# ASSIGNED TASK
Could you retype exactly the lines below between the one holding "新款亚马逊多条渐变男手环皮绳混色百搭女士PU皮革皮手链磁扣手镯详情26" and the one holding "hard wax definition", inclusive, leaving out any pictures?

::: MATERIAL FOR THIS EXERCISE

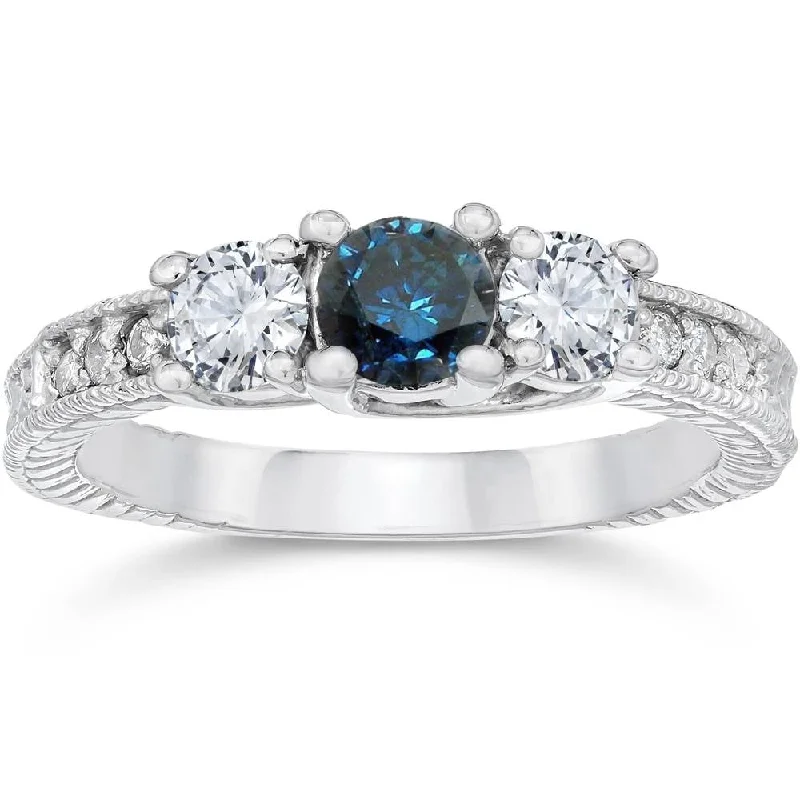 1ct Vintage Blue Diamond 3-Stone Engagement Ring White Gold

::::::
::: MATERIAL FOR THIS EXERCISE

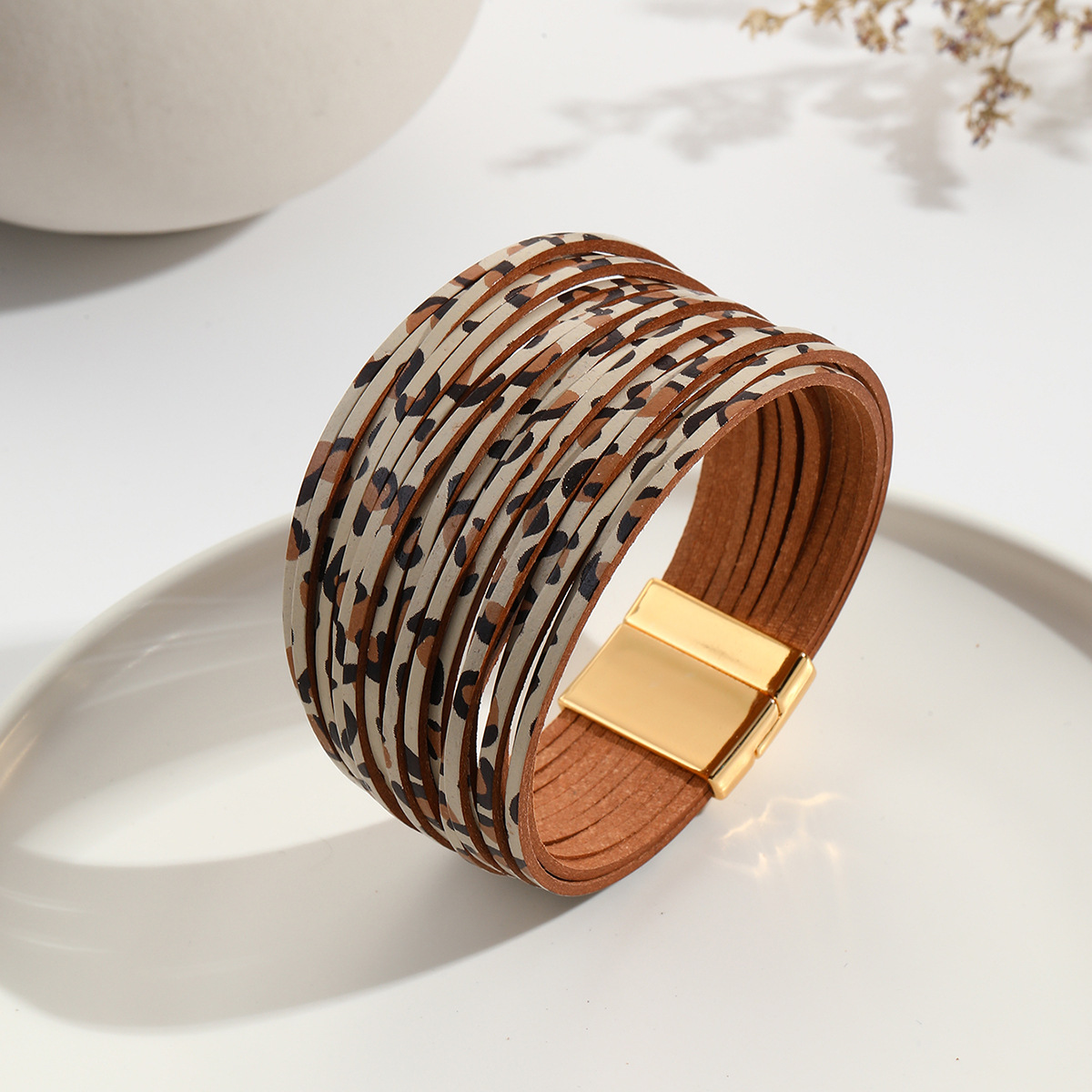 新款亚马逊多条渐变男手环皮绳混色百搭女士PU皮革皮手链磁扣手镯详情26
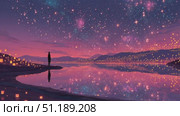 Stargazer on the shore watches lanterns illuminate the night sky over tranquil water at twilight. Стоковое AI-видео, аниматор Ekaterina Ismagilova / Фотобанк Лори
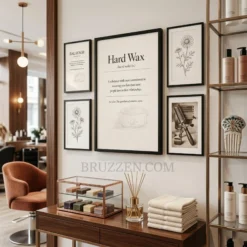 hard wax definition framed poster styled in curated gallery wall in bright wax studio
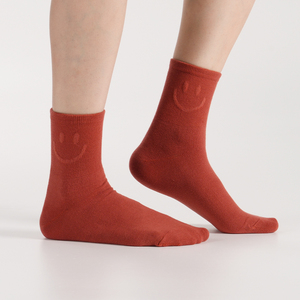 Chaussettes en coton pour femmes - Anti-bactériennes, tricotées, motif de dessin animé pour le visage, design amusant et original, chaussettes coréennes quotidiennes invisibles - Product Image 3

::::::

# REPLY TO THE TASK
 新款亚马逊多条渐变男手环皮绳混色百搭女士PU皮革皮手链磁扣手镯详情26
 Stargazer on the shore watches lanterns illuminate the night sky over tranquil water at twilight. Стоковое AI-видео, аниматор Ekaterina Ismagilova / Фотобанк Лори
 hard wax definition framed poster styled in curated gallery wall in bright wax studio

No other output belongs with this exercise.